» **Available data**:
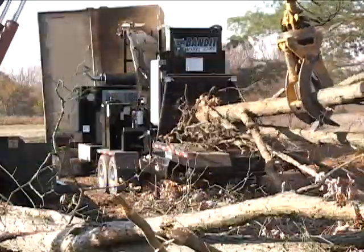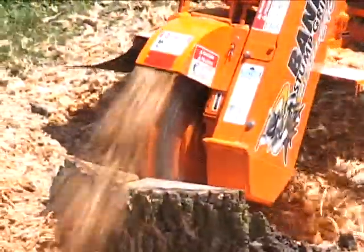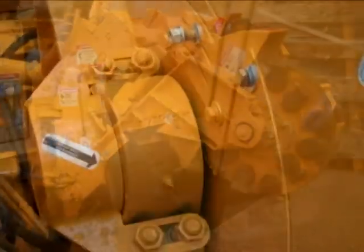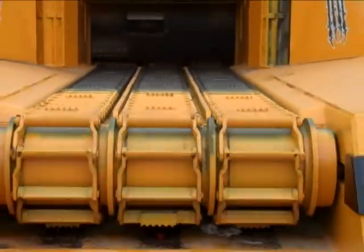It takes a lot of muscle to turn an entire tree into wood chips in a matter of seconds and grind the stump flush to the ground. So it's no surprise that Bandit Industries uses only Link Belt and Rexnord bearings and chain on all their chippers and grinders.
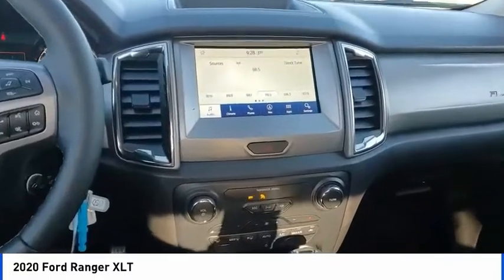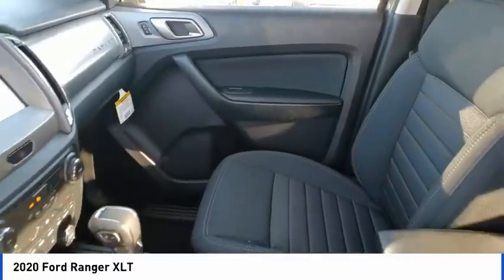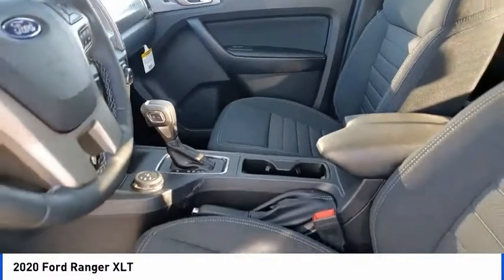Speed control. This isn't just a vehicle, it's an experience. So stop in for a test drive today.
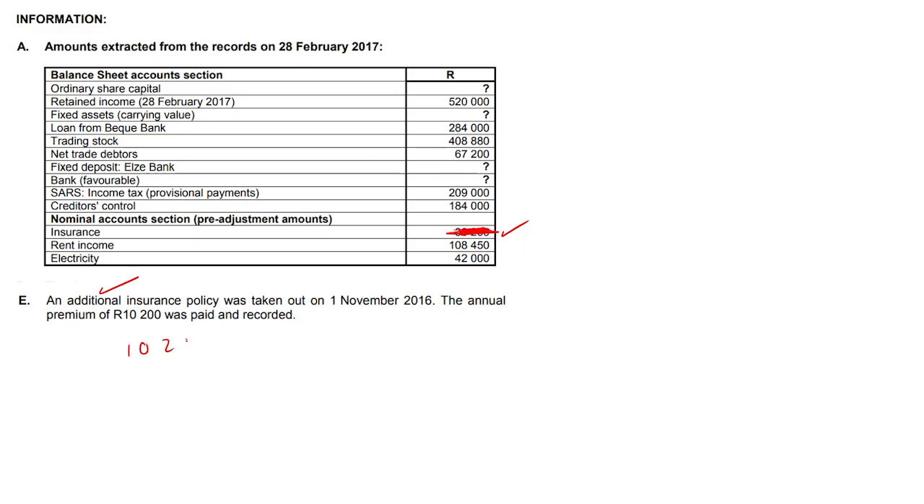That $10,200 represents 12 months, so just 1 month would be $850. Remember, we used 4 of the months and didn't use the other 8. So $850 times 8 is $6,800. That's our prepaid expense amount, and all we're going to do is add that to trade and other receivables in our balance sheet. That's it — that's the question.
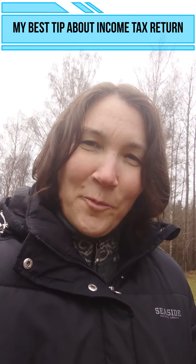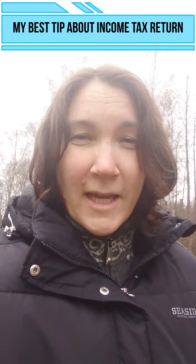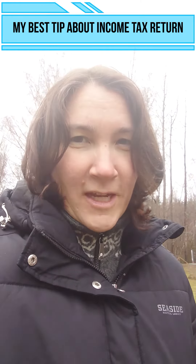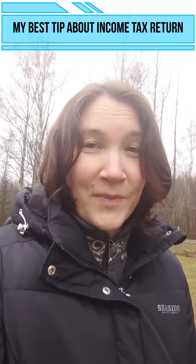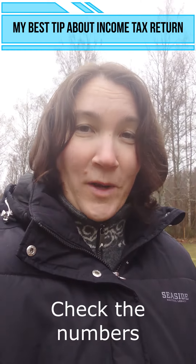Hi, I just want to come with a little advice or a tip when it's time to file the income tax return here in Sweden. And that is to check the numbers to see if the numbers are correct.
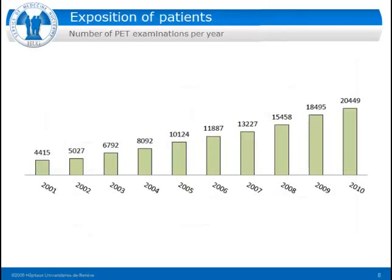Looking at the number of PET examinations per year, there is a strong trend — with every new installation and every new confirmed indication the number is growing. We started statistics in 2001 with around four and a half thousand exams. Now we are at 20,000 — a fivefold increase within nine years. The top of the iceberg is not yet reached; we are still in the growing phase with PET-CTs.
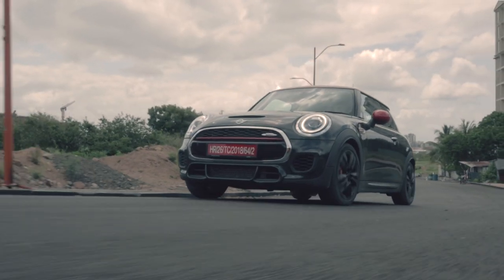One usually buys a Mini as a gift to themselves, to add some colour to their life. There's a good chance that if you've bought a Mini, you're saying 'f*** this, I'm out' and you're done with the normal ways of life. And in that case, you need this — the Mini Cooper JCW.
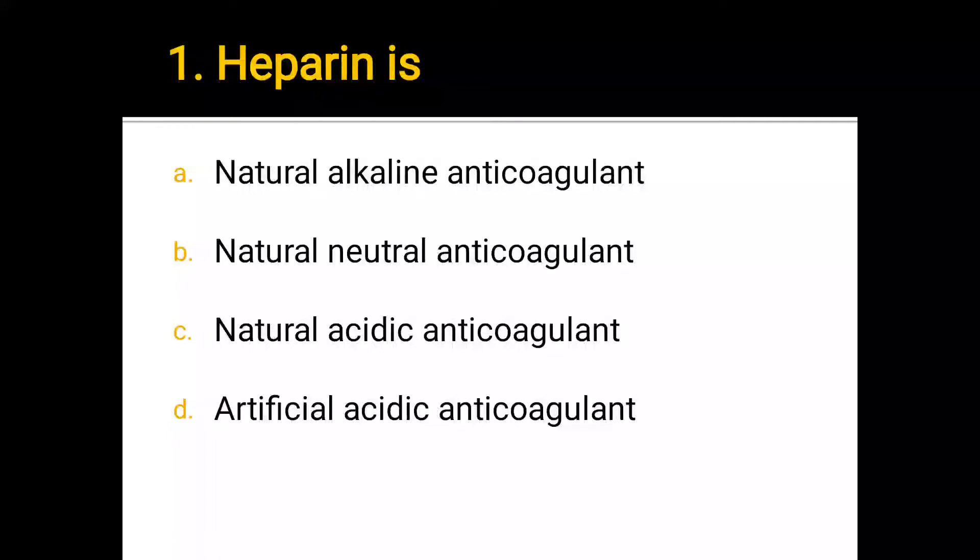Number 1. Heparin is: a) natural alkaline anticoagulant, b) natural neutral anticoagulant, c) natural acidic anticoagulant, d) artificial acidic anticoagulant. The correct answer is c) natural acidic anticoagulant.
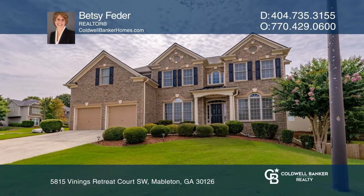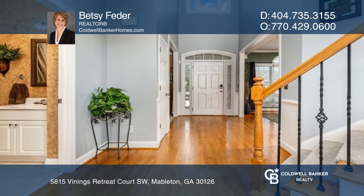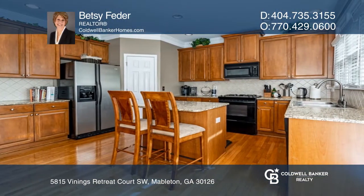This beautiful move-in-ready cul-de-sac home boasts a ton of natural light and so much space. It's complete with a two-story great room with floor-to-ceiling windows, an eat-in kitchen, and hardwood floors.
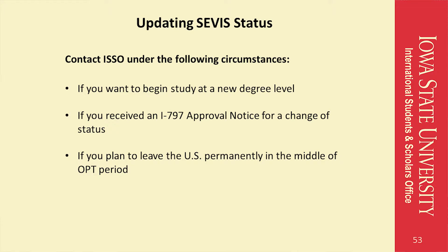Your SEVIS record will need to accurately reflect your current situation. Please contact ISSO immediately if you will begin studying at a new degree level, if you have been approved for a change of status, or if you plan to leave the United States permanently while OPT is pending or approved.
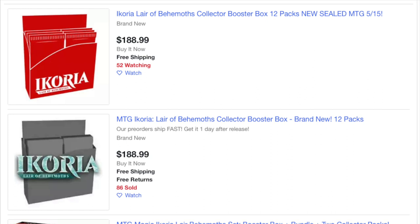Hey guys, so today I am going to beat up on collector's cases or boxes some more.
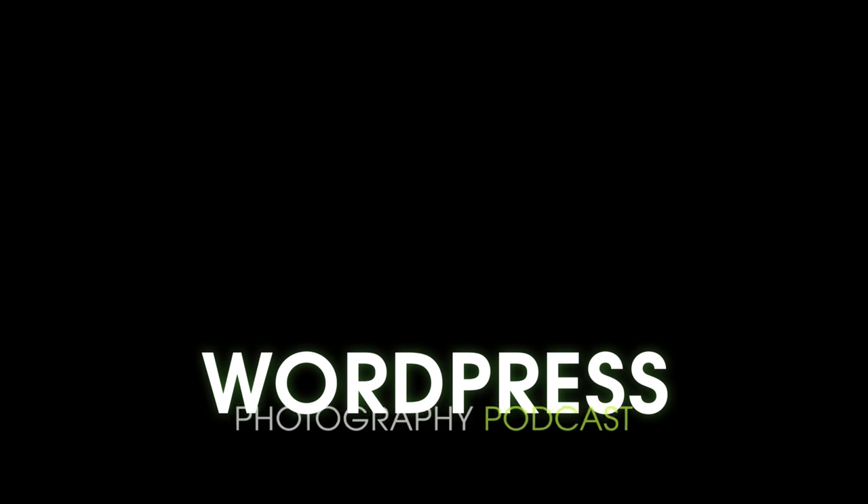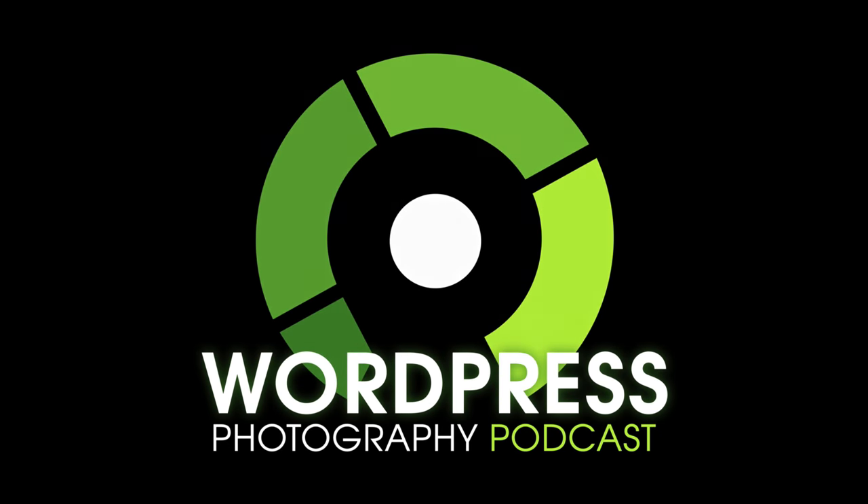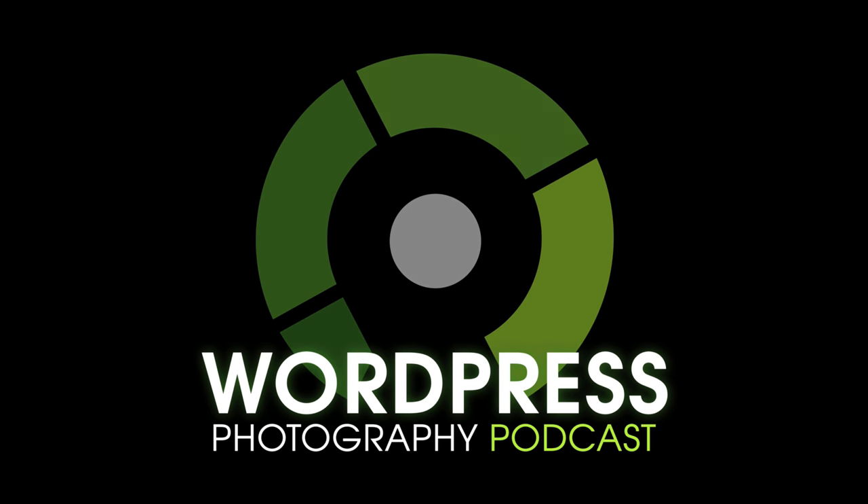Welcome to the WordPress Photography Podcast — the podcast for photographers who want to learn how to get the most out of WordPress to grow their photography business. You don't need to be a geek to understand WordPress. Settle back and listen as we show you how. Now here's your host, Scott Wyden-Kivowitz.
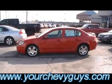It's at Mountain View Chevrolet, 310 East 20th Street, ready for you to take a test drive. And of course, always online at yourchevyguys.com.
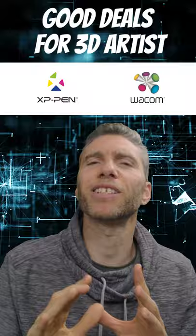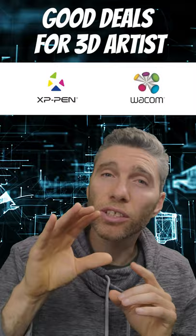Wacom, who are considered the best in the graphics tablets arena, are offering discounts on their refurbished devices. Check out their store under the shopping section for more details.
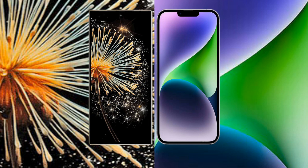iPhone 14 Plus comes with 6GB RAM, with 128GB, 256GB, or 512GB internal storage, powered by the Apple A15 Bionic processor and Apple GPU. Xiaomi Mix Fold 3 features a quad rear camera setup.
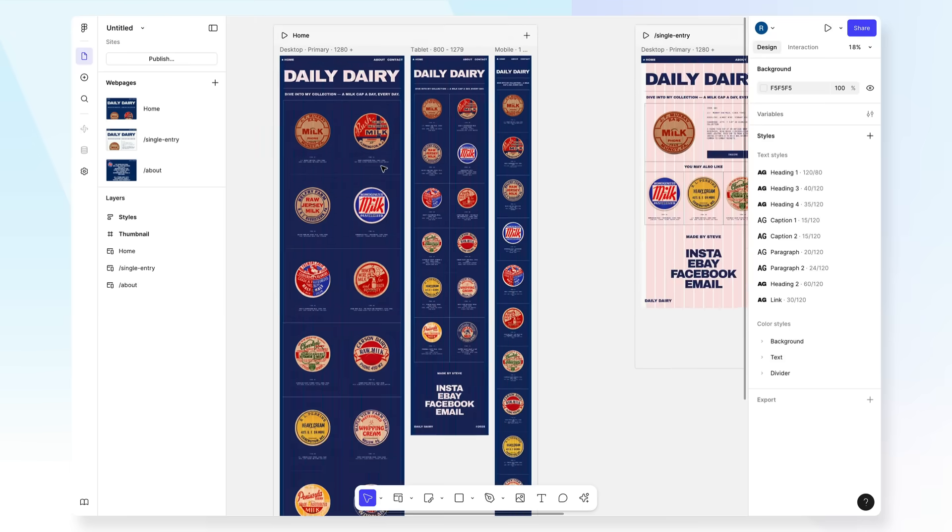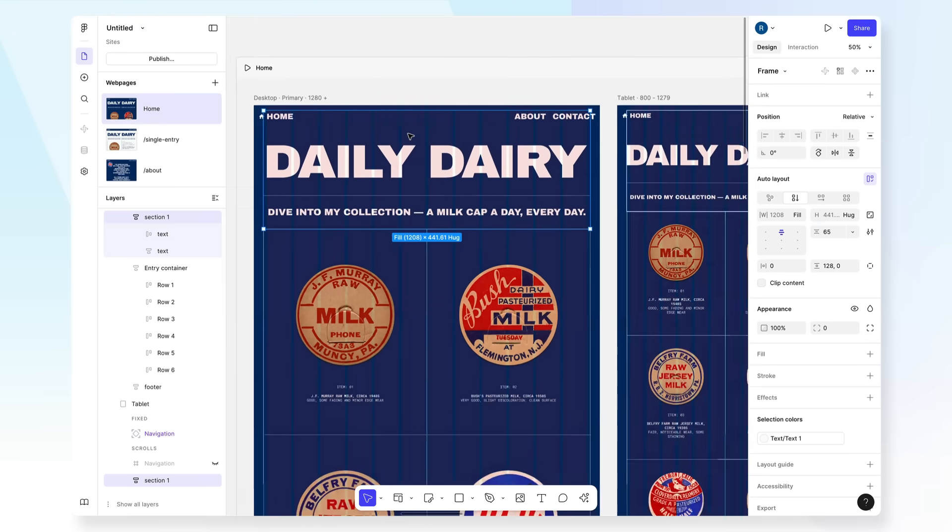My prediction is that Framer will now focus on more marketing-driven tools to win. Figma have the design side down pat — it's what they're great at. But I think where Framer steps up and positions themselves differently is they're targeting marketers and people who want to build great marketing sites. From what we've seen with Figma Sites, it's still basically just a design tool with a publish button. It'll be interesting to see how that plays out over the next six to twelve months as Figma Sites releases more features to catch up with Framer and Webflow.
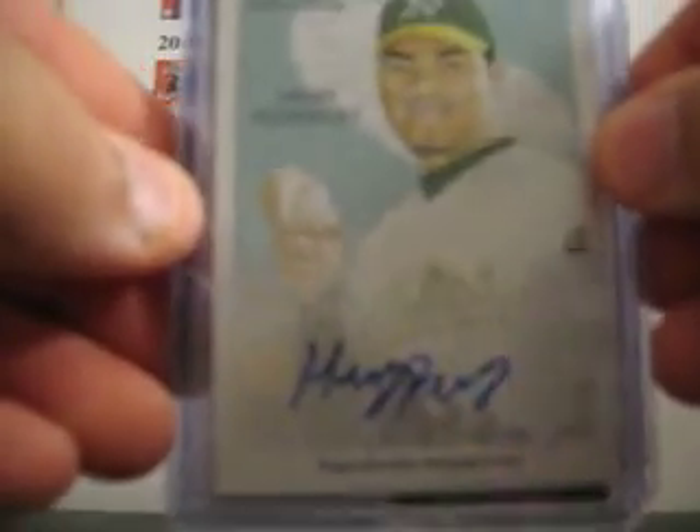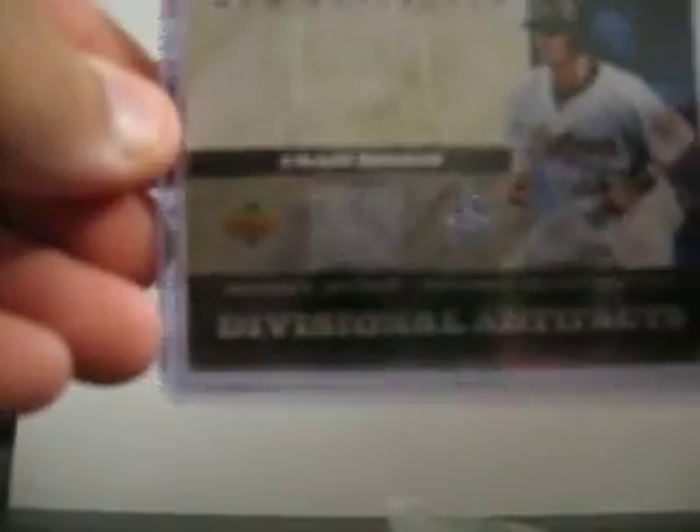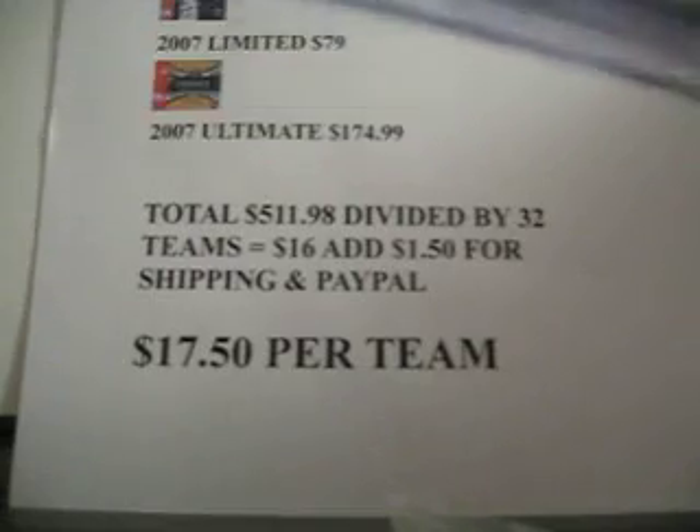From National Chicle you got a Henry Rodriguez autograph. From Artifacts you got a Craig Biggio jersey piece. That one is numbered out of 199.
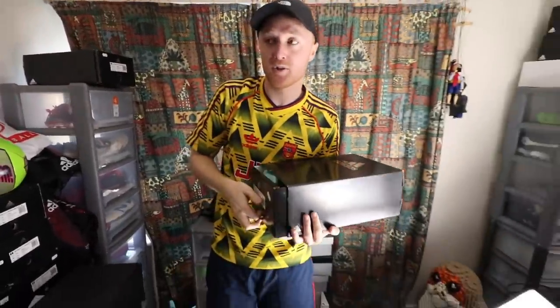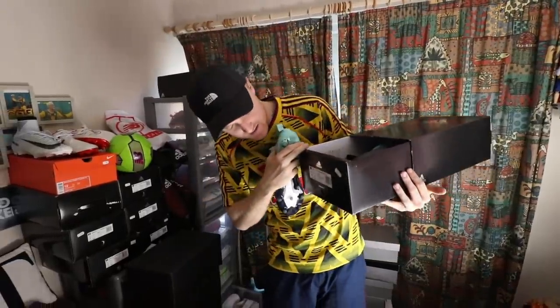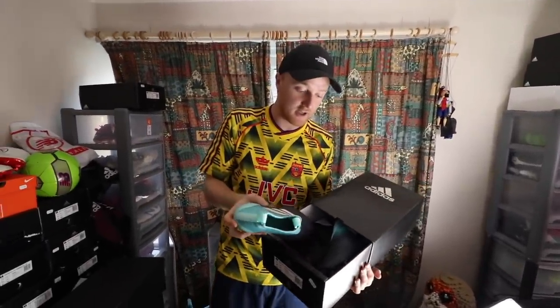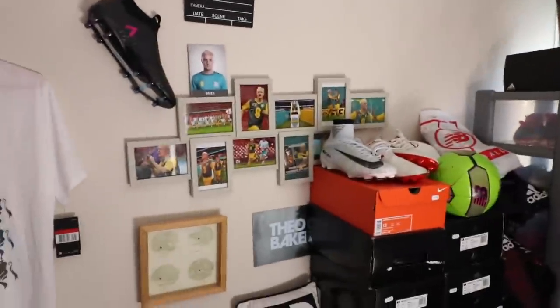We have some more Pure Controls. As I said, Pure Controls were my favourite back in the day. These are the X17 Pluses. I do have the original 16 — the first ever Pure Controls — which I'm going to show you later in this video. You might recognise them from a certain football match.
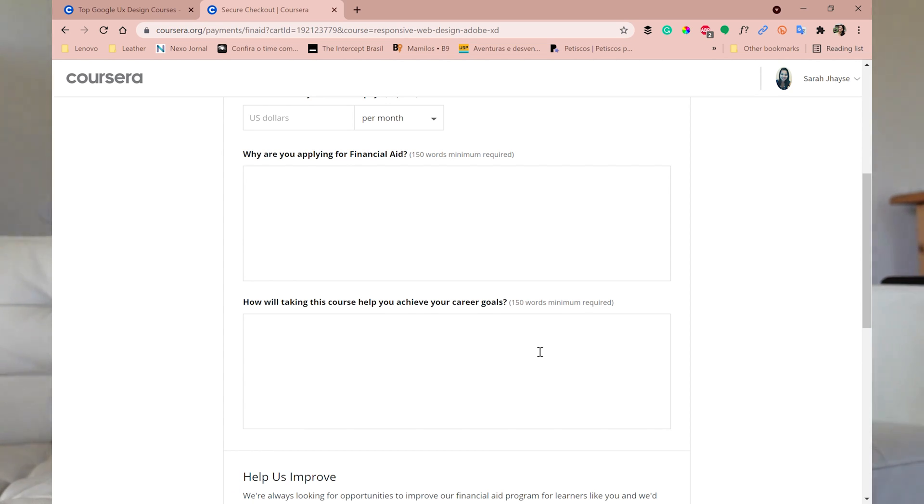They require you to write a minimum of 150 words because they really want to understand your current situation. Justify why you need the aid. Then the next question will be: 'How will taking this course help you achieve your career goals?' Explain — maybe you're in another field and you're not happy, or you're not earning enough, and you feel that learning this new skill will allow you to change careers.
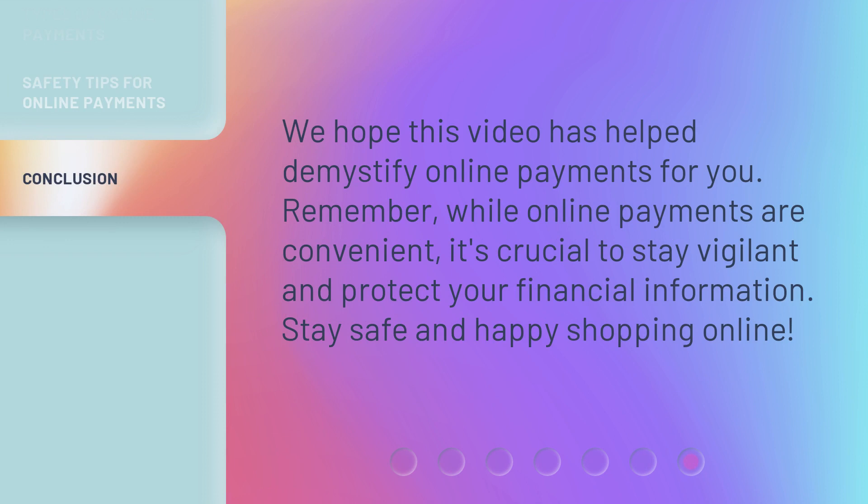We hope this video has helped demystify online payments for you. Remember, while online payments are convenient, it's crucial to stay vigilant and protect your financial information. Stay safe and happy shopping online. See you next time.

» **Instructions for the task**:
Look back at the data above, then output exactly the lines from the line holding "My prediction is" up to and including the line holding "We have some". Leave out the pictures.

» **Response area**:
My prediction is that Framer will now focus on more marketing-driven tools to win. Figma have the design side down pat — it's what they're great at. But I think where Framer steps up and positions themselves differently is they're targeting marketers and people who want to build great marketing sites. From what we've seen with Figma Sites, it's still basically just a design tool with a publish button. It'll be interesting to see how that plays out over the next six to twelve months as Figma Sites releases more features to catch up with Framer and Webflow.
From National Chicle you got a Henry Rodriguez autograph. From Artifacts you got a Craig Biggio jersey piece. That one is numbered out of 199.
We have some more Pure Controls. As I said, Pure Controls were my favourite back in the day. These are the X17 Pluses. I do have the original 16 — the first ever Pure Controls — which I'm going to show you later in this video. You might recognise them from a certain football match.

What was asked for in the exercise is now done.